9.4 ⁂Using the `datatool` Package for Exams or Assignment Sheets

Since the datatool package and the datatooltk application have already been described in this book, it's worth mentioning that they can also be used to store a database of problems and their associated solutions. This can be done by creating a database with a label field, a question field and an answer field. Other fields can also be added to store, for example, the topic or level of difficulty.

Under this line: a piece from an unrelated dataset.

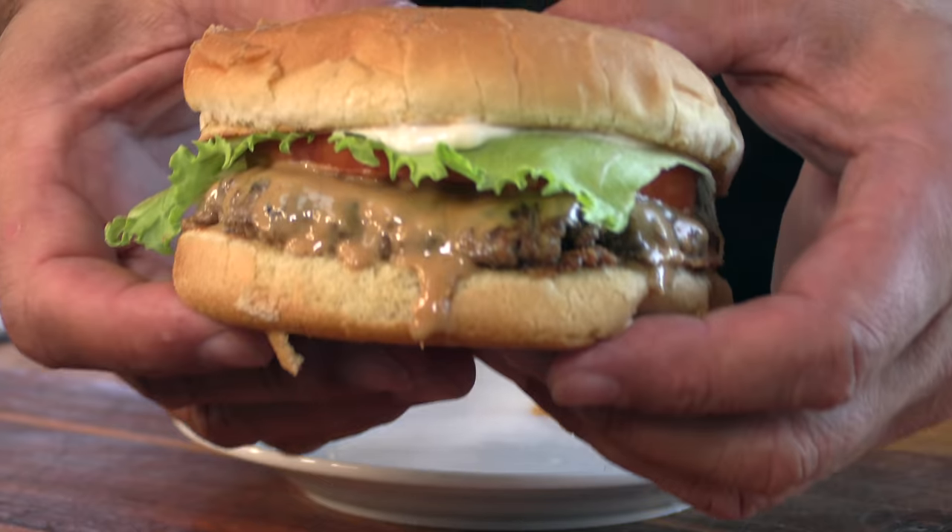On today's video, I'm going to be doing the Goober Burger out of Sedalia, Missouri. And I apologize if I butchered that name — Sedalia — but that's how I'm reading it. Let's get going.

If you already have a file containing probsoln problem definitions, datatooltk can convert it to a datatool database.¹ For example, the mth101.tex file from Example 45 can be imported either using the --probsoln command line option or the File→Import→Import probsoln file menu item in the GUI mode. Figure 9.1 shows the mth101.tex file imported into datatooltk. Since LaTeX is used to assist the conversion, the “pretty-printing” of the code has unfortunately been lost, but this won't affect the typeset output. (This also happens if you use \DTLsaverawdb or \DTLprotectedsaverawdb.)

**Figure 9.1:** Importing a `probsoln` Dataset into `datatooltk`

The import process has created three fields: Label, Question and Answer. Extra fields can be added using the Edit→Column→Insert Column After menu item. For example, in Figure 9.2, I've added a new integer field called Level, where a value of 1 indicates easy, 2 indicates medium difficulty and 3 indicates hard. This database can then be saved as, say, mth101.dbtex and loaded into a document using \DTLloaddbtex, as described in §2.2.2 Loading Data From a .dbtex File. You can add other columns as well, such as a topic.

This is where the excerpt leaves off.